Models were fit using the No-U-Turn Sampler39, an efficient, adaptive Hamiltonian Monte Carlo algorithm. Specifically, we used the brm() function from the brms package40 which interfaces with the Stan library41. All parameters were assigned the default brms priors. Specifically, fixed effects were assigned an uninformative, improper prior \(\beta \sim \mathrm{Uniform}\left(-\infty ,+\infty \right)\); the intercept was assigned the diffuse prior \(\alpha \sim {\mathrm{Student}}^{\mathrm{^{\prime}}}\mathrm{s }t\left(3, 6.7, 2.5\right)\); and the standard deviation of the random effects were assigned the diffuse prior \({\upsigma }_{\upgamma }\sim \mathrm{Half}-{\mathrm{Student}}^{\mathrm{^{\prime}}}\mathrm{s }t\left(3, 0, 2.5\right)\).
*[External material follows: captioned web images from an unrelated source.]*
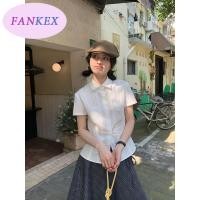 ราคา 24H จัดส่ง 2024 เสื้อเชิ้ตแขนสั้นสีขาวสไตล์ใหม่ผู้หญิง ฤดูร้อน เตรียมใจ สไตล์ด้านบน เสื้อลูกไม้ (25983997206)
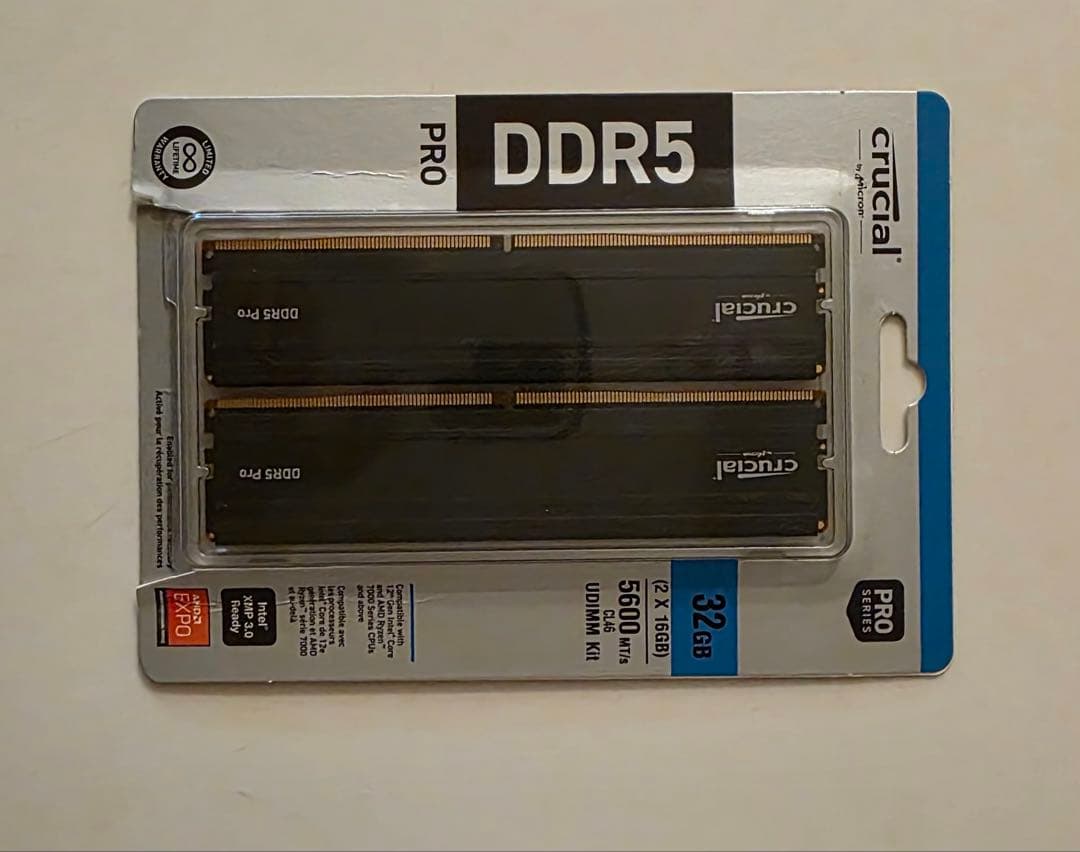 Crucial DDR5-5600 32GB(16GB×2) メモリ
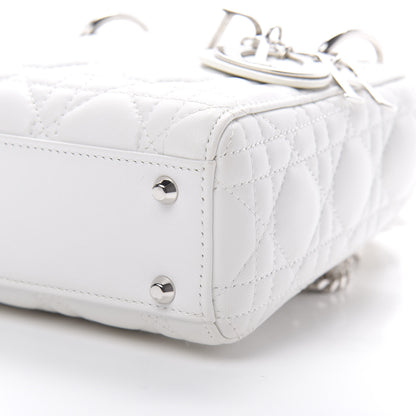 Christian Dior Lambskin Cannage Mini Lady Dior White 10 of 13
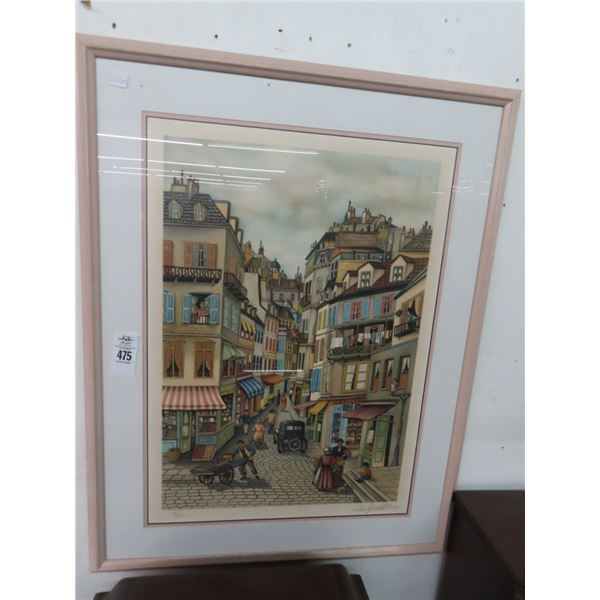 Framed French City Scape 41/300  Artist Signed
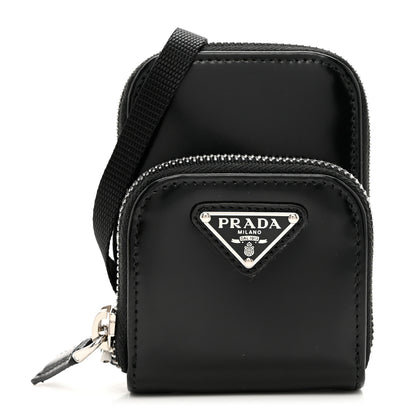 Prada Brushed Calfskin Mini Crossbody Pouch Black 1 of 6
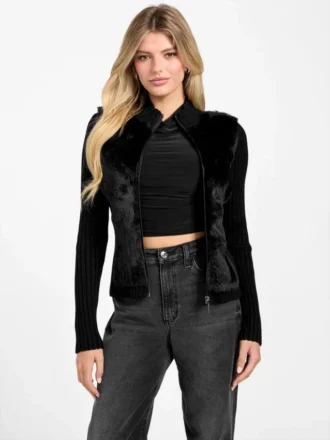 Eco Mila vest met rits en imitatiebont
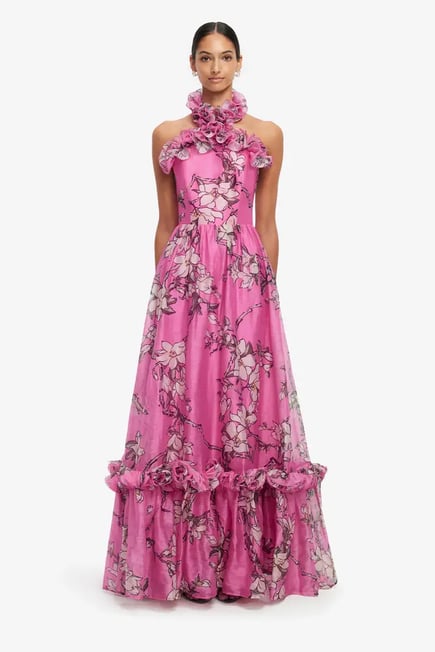 Isabelle Ruffled Halterneck Maxi Dress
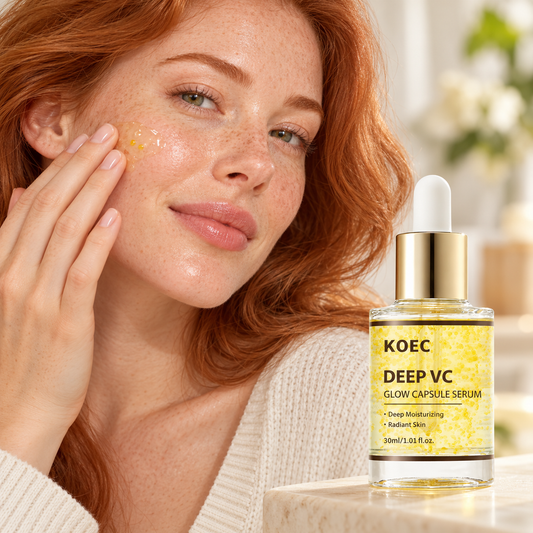 KOEC Deep VC Glow Capsule Serum — 30 ml — adult model using product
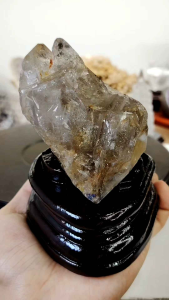 Natural High Grade Madagascar Old Mine Skeletal Smoky Quartz Crystal Ornament HSK07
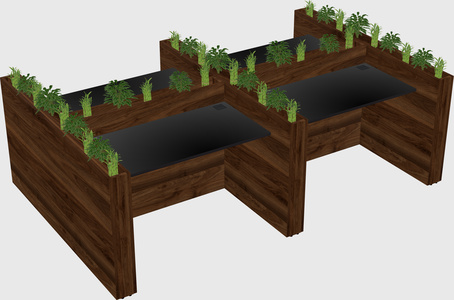 Rectangular shared desk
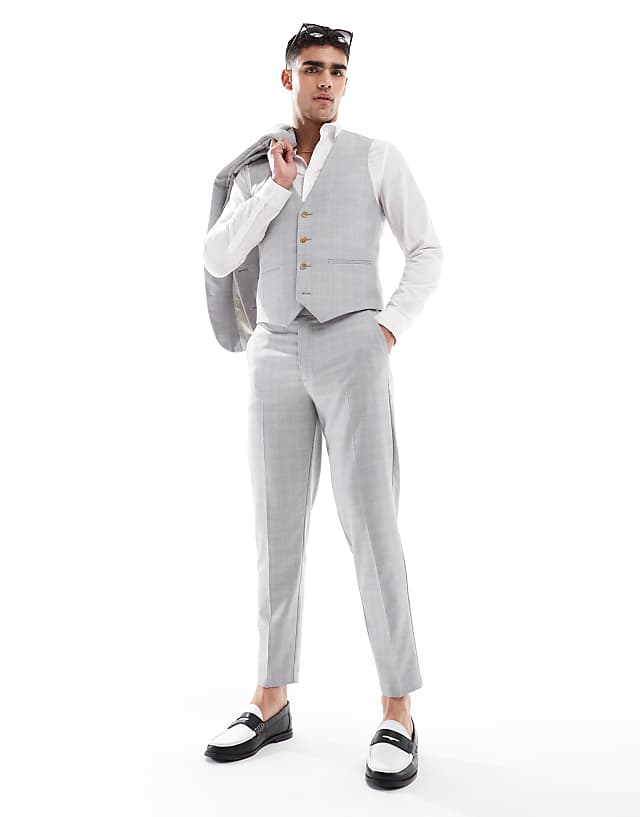 Asos ASOS DESIGN Linen Blend Skinny Suit In Grey Tonal Check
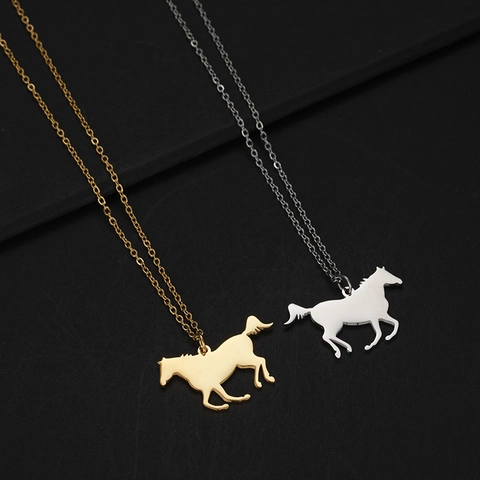 Cute Horse Pendant Necklace For Women 304 Stainless Steel Animal Silhouette Charm Jewelry Gift Steel Gold Color Necklace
All models were fit using eight independent chains. Model convergence was assessed using the rank-normalized-split-\(\widehat{R}\) and rank-normalized-folded-split-\(\widehat{R}\), and the model was considered successfully converged when the maximum of both \(\widehat{R}\le 1.01\). To ensure reliable posterior estimates, each chain was run until the Bulk Effective Sample Size and Tail Effective Sample Size metrics reached at least 100 samples per chain (Supplementary Information)42. We used the widely applicable information criterion (WAIC)43, the asymptotically-equivalent leave-one-out cross-validation44 with Pareto smoothed importance sampling (LOO)45, and Bayesian R-squared (Bayes \({R}^{2}\))46 to evaluate model goodness-of-fit, the necessity of random effects components, other nesting structures (e.g., observations within users or observations within studies), and other model specifications (Supplementary Information Text S2). All analyses were performed in R 4.0.247.